• Your goal: From the first line to the last, repeat the data exactly but leave out the pictures.

• Information provided:
+ + +

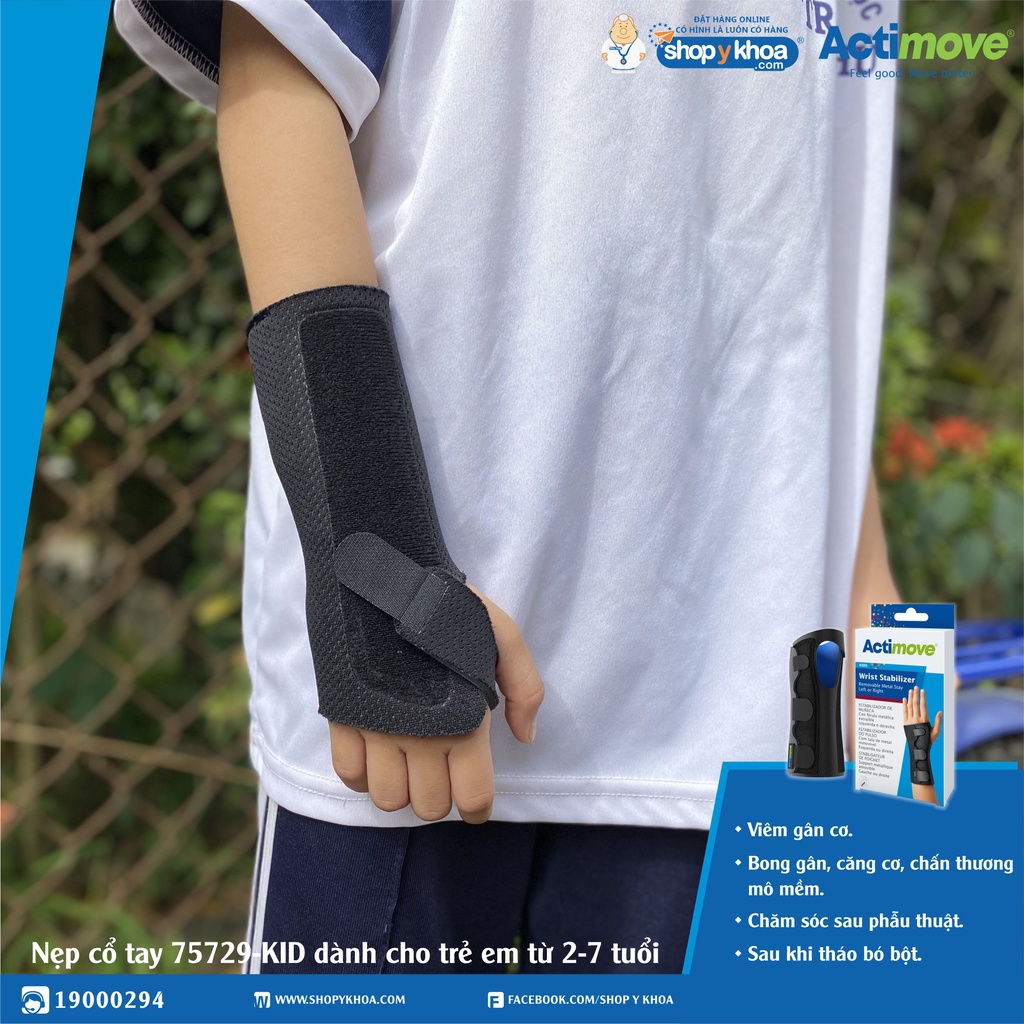Nẹp Cổ Tay Trẻ Em 2-7 Tuổi 75729-SPO-KID, Tay Trái/Phải, Có Thể Tháo Rời Nẹp, Màu Đen [Actimove] - Nhập Khẩu Châu Âu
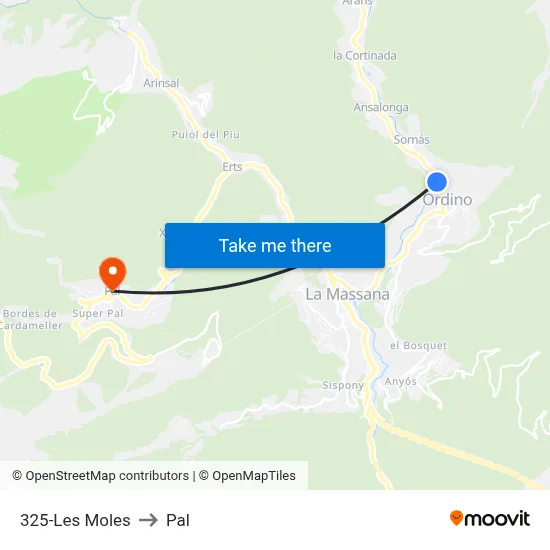 325-Les Moles to Pal map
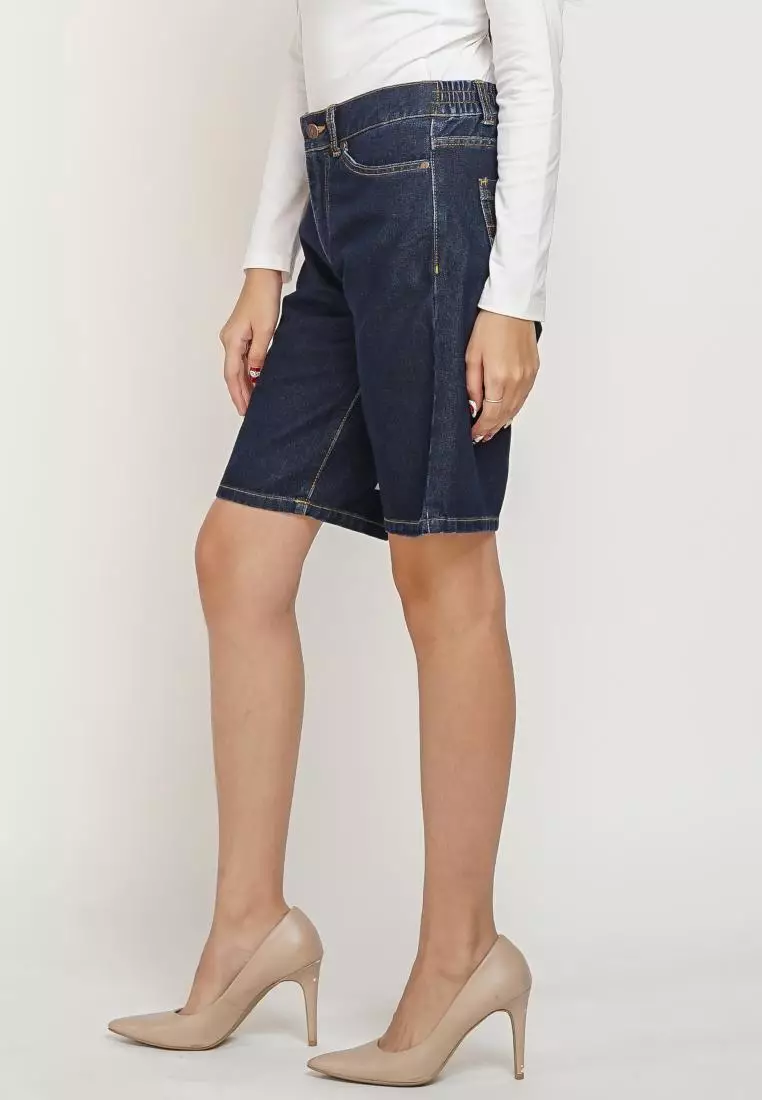 DUST Celana Short Pant Jeans Miku Dark Blue (D. 3441)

+ + +

• Written solution:
Nẹp Cổ Tay Trẻ Em 2-7 Tuổi 75729-SPO-KID, Tay Trái/Phải, Có Thể Tháo Rời Nẹp, Màu Đen [Actimove] - Nhập Khẩu Châu Âu
 325-Les Moles to Pal map
 DUST Celana Short Pant Jeans Miku Dark Blue (D. 3441)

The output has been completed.